WORK REQUIRED → Every entry below should be printed exactly, without its images.

(Image-caption web data)
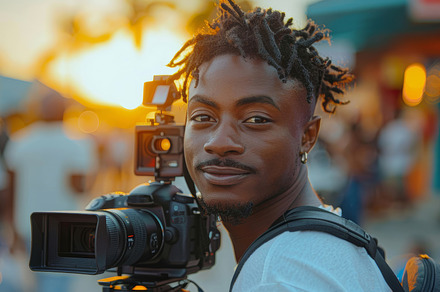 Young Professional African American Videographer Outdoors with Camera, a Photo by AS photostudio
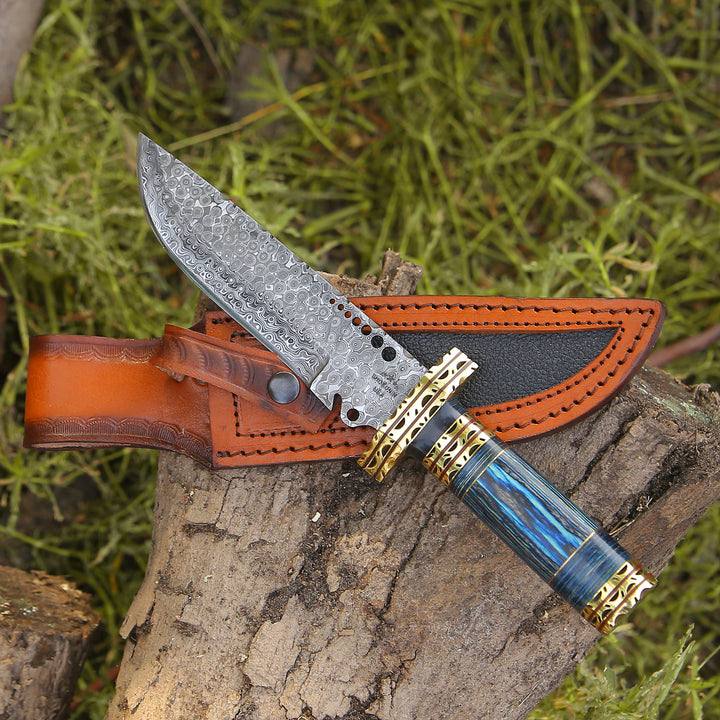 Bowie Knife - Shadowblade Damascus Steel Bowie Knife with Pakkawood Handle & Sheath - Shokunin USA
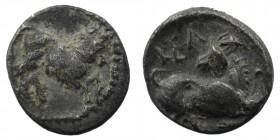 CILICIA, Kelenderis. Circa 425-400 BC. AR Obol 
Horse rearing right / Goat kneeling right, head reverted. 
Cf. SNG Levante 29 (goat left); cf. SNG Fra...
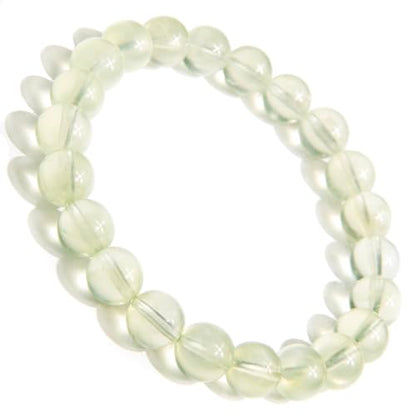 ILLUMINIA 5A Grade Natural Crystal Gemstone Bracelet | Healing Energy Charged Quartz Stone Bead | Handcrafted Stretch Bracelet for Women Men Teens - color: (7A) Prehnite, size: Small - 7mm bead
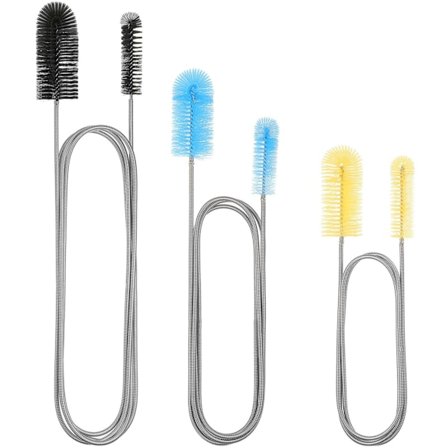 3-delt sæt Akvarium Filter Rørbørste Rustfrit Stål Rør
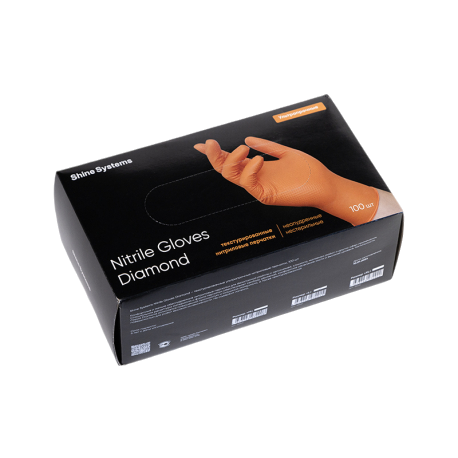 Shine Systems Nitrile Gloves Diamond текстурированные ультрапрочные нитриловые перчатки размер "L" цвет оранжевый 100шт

EXERCISE RESULT →
 Young Professional African American Videographer Outdoors with Camera, a Photo by AS photostudio
 Bowie Knife - Shadowblade Damascus Steel Bowie Knife with Pakkawood Handle & Sheath - Shokunin USA
 CILICIA, Kelenderis. Circa 425-400 BC. AR Obol 
Horse rearing right / Goat kneeling right, head reverted. 
Cf. SNG Levante 29 (goat left); cf. SNG Fra...
 ILLUMINIA 5A Grade Natural Crystal Gemstone Bracelet | Healing Energy Charged Quartz Stone Bead | Handcrafted Stretch Bracelet for Women Men Teens - color: (7A) Prehnite, size: Small - 7mm bead
 3-delt sæt Akvarium Filter Rørbørste Rustfrit Stål Rør
 Shine Systems Nitrile Gloves Diamond текстурированные ультрапрочные нитриловые перчатки размер "L" цвет оранжевый 100шт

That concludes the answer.